By Henry Neondo
The Second Africa Climate Summit (ACS2) opens Monday in Addis Ababa with leaders, ministers, civil society, youth, and private sector actors gathering under the theme “Accelerating Global Climate Solutions: Financing for Africa’s Resilient and Green Development.” Over 25,000 delegates are expected to attend the three-day event, which Ethiopian officials have described as “a defining moment” for the continent’s climate future
At a pre-Summit press conference on Sunday in Addis Ababa, Ethiopia’s Minister of Planning and Development, H.E. Dr. Fitsum Assefa, who is also the National Coordinator of ACS2, underscored Africa’s dual reality: contributing less than 4% of global emissions but bearing some of the harshest climate impacts.

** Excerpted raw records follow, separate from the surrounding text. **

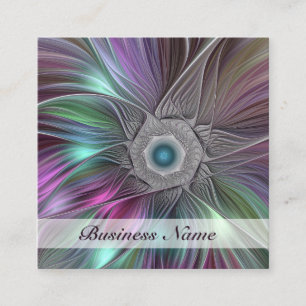 Colourful Big Flower Abstract Trippy Fractal Art Square Business Card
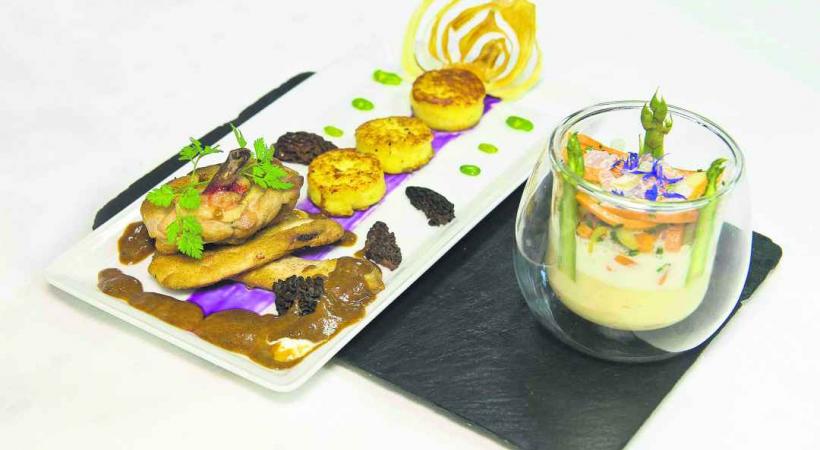 Poitrine de pintade aux morilles et son bocal de légumes oubliés parfumés à la truffe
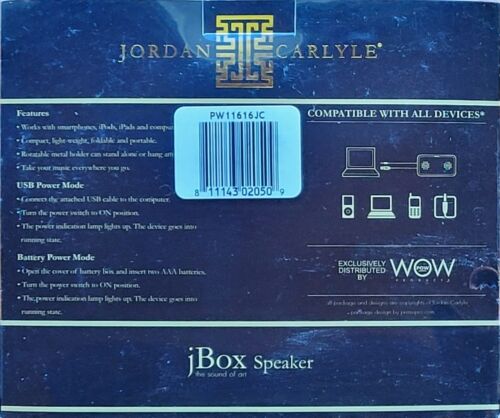 ALTAVOZ JORDAN CARLYLE JBOX NUEVO NUNCA USADO GRAN REGALO - Imagen 2 de 2
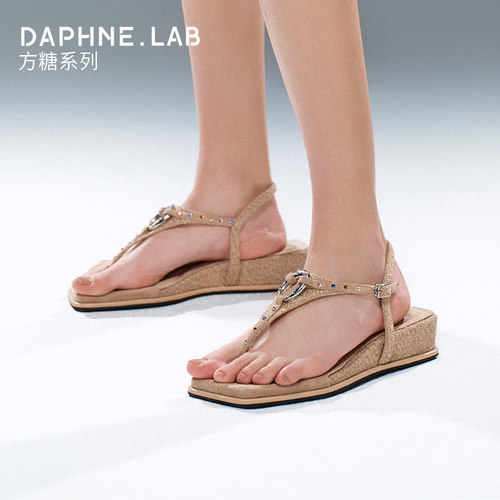 DAPHNELAB方糖系列彩钻夹趾坡跟凉鞋26夏凉拖拖鞋女鞋时髦舒适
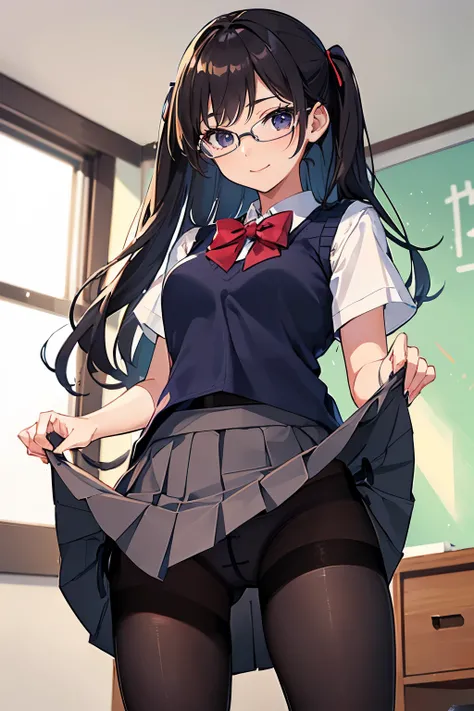 masterpiece、highest quality、1 girl、high school girl、18-year-old、Perfect Face、Shiny skin、Random Uniform、(Random Hairstyles)、Big eyes、tall)、Beautiful Hair、Beautiful Eyes、Perfect proportions、Beautiful thighs、Beautiful legs、Beautiful fingers、((Glasses、High-qua...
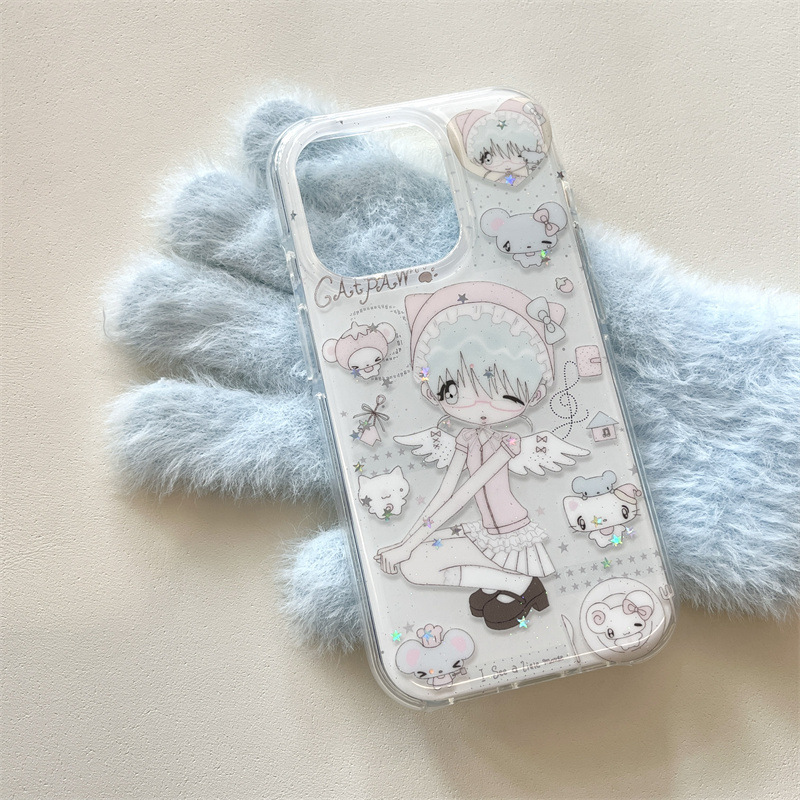 动漫二次元天使翅膀女孩适用iPhone16苹果15ProMax手机壳14小众13|undefined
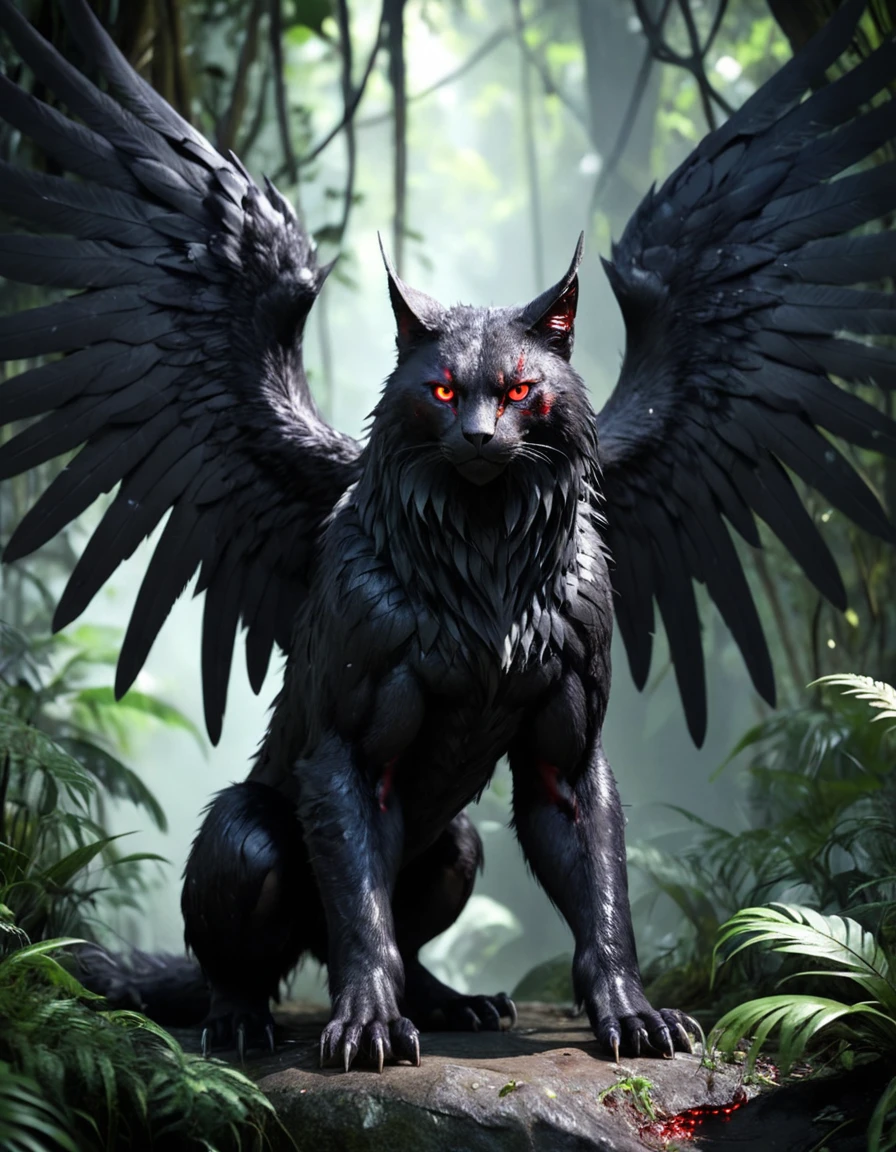 beast of prey,The body length is about 3 meters、Weight: about 200 kilograms。The exterior is covered in black fur.、Having red eyes,Superb masterpiece, Dynamic and realistic digital art, Great quality,Deep Jungle,Whispering Mine,Fibrous texture connected subsurface scattering (SSSS),evolution of stars, Tangled, , Seraph Wings,,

“Yes, Africa is a victim of climate change, but it is also providing climate solutions,” she told journalists at the pre-summit press conference.
The Summit is expected to deliver the Addis Ababa Declaration, a unified African position ahead of COP30 in Brazil, while pushing for reforms in global finance and scaled-up resources for adaptation, renewable energy, and nature-based resilience.
But as conversations focus on scaling up carbon markets, the African Coalition of Communities Responsive to Climate Change (ACCRCC) has cautioned against a top-down approach. Instead, the coalition is calling for carbon credits to cascade to grassroots communities—the true custodians of Africa’s forests, rangelands, and water bodies.
“Scaling up sounds good in theory, but in practice it often sidelines the very communities who live with and depend on these ecosystems,” said ACCRCC in a statement. “Cascading means ensuring finance, rights, and decision-making trickle down directly to the ward, village, and household levels where climate resilience is lived daily.”
Carbon markets have long faced criticism for opaque contracts, limited benefit-sharing, and weak community involvement in monitoring. According to ACCRCC, scaling without safeguards risks repeating extractive patterns where intermediaries profit while villagers see little change in their livelihoods.
Africa’s opportunity
With devolved governance structures and strong community associations, countries like Kenya, Ethiopia, and Tanzania are well positioned to pioneer this approach. From Samburu’s community conservancies to Busia’s smallholder agroforestry clusters, grassroots institutions already exist to anchor carbon finance.
By adopting cascading, ACS2 could help Africa move beyond being a source of cheap offsets for the Global North and instead build a model of community-driven climate finance integrity.
Over the next three days, leaders will engage in high-level sessions, fireside chats, and more than 199 side events, with 23 national and partner pavilions set up at the Addis International Convention Centre
For ACCRCC and its grassroots partners, the true measure of success will be whether Africa’s climate finance architecture finally delivers for the women, youth, and pastoralists whose daily struggles define resilience.
“Africa’s landscapes have served the world’s climate for centuries. It is time the world served Africa’s communities in return—from the top tables to the last mile,” ACCRCC concluded.